Fatima was a call to all Catholics, living then and now, to an increase of faith in the Holy Eucharist. Fatima was a call to faith in Mysterium Fidei-THE Mystery of our faith—the Holy Eucharist. It was a call to adore the Eucharist as God. And it was a call for Catholics to make reparation for the sins of the world, especially those committed against the Eucharist (like the act committed by Dr. Meyer, but most of all the sin of unbelief and indifference on the part of Catholics toward the Holy Eucharist).

And because we need the Immaculate Heart of Mary to lead us to the Sacred Heart of Jesus in the Eucharist, Fatima was also a call for us to make reparation for the sins against the Immaculate Heart of Mary. Fatima was therefore a call to an increase of faith in, Adoration of, hope in and love for Jesus, Our Lord and Our God truly present in the Holy Eucharist.

As terrible as Dr. Myers actions were we may not have thought about how us Catholics can desecrate or dishonor the Eucharist. Let me go over just a few ways we can dishonor and even desecrate Jesus in the Holy Eucharist. First of we can do so by:

*Receiving Jesus without faith. Scripture tells us about the first person to
receive the Holy Eucharist without faith, without believing that it was really
Jesus in His human body. Scripture even give us this person’s name…it
was Judas.

*Receiving Jesus in the state of sin mortal sin.

*Receiving without pure souls made so by frequent confession.
Everyone, almost, goes to Holy Communion but many do not go to
Confession on a regular basis.

*Receiving Jesus improperly, irreverently (like we are receiving a cracker). i.e. hands low, not checking for particles, etc.

*Not participating fully, actively and consciously at the Mass both externally
by our actions and responses and interiorly by offering ourselves in love to
God at the Holy Mass.

Other ways, we can dishonor can Jesus in the Holy Eucharist

*Not attending Holy Mass.
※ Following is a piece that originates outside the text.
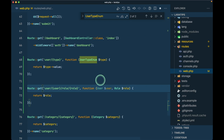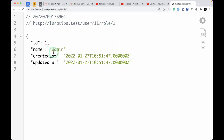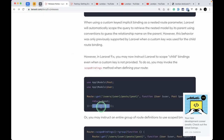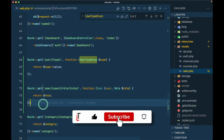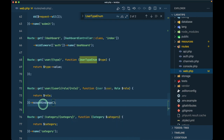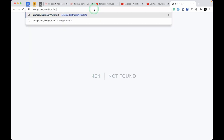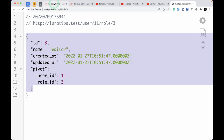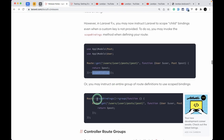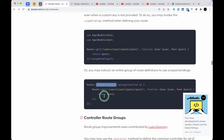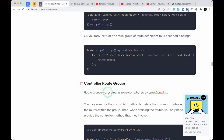Without the scoping, it would just return the role by its ID regardless of which user it belongs to, which is undesirable. Adding the scopeBindings method to the route enforces the parent-child scoping. If it's cumbersome to add it to each route, you can use a scopeBindings route group and place all relevant routes inside it.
Shows a lack of love for Jesus in the Holy
Eucharist and a lack of thankfulness in His Sacrifice on Calvary, which the
Mass makes truly present) for our salvation. A failure of justice (what the
creature owes the Creator); and a failure of Love….no wanting to be with
the God who loves us, the God who is Love.

*Not Attending properly dress; not dressed in our Sunday best as for a
wedding because Mass is THE WEDDING.

*Leaving Mass early (without a good reason), constantly, habitually arriving

*Talking in Church in the presence of the Holy Eucharist, which also interrupts those who are praying to Jesus.

*Complaining that Holy Mass is too long…St. Josemaria Escriva said… “Mass is too long because your love is too short.”

*Not respecting and obeying the sacred ministers, bishops and priests
with out whom we could not have the Eucharist.

*And probably worst of all; indifferentism, not caring one way or the other. (Caused our Lord the most suffering during His passion; why HE sweated blood).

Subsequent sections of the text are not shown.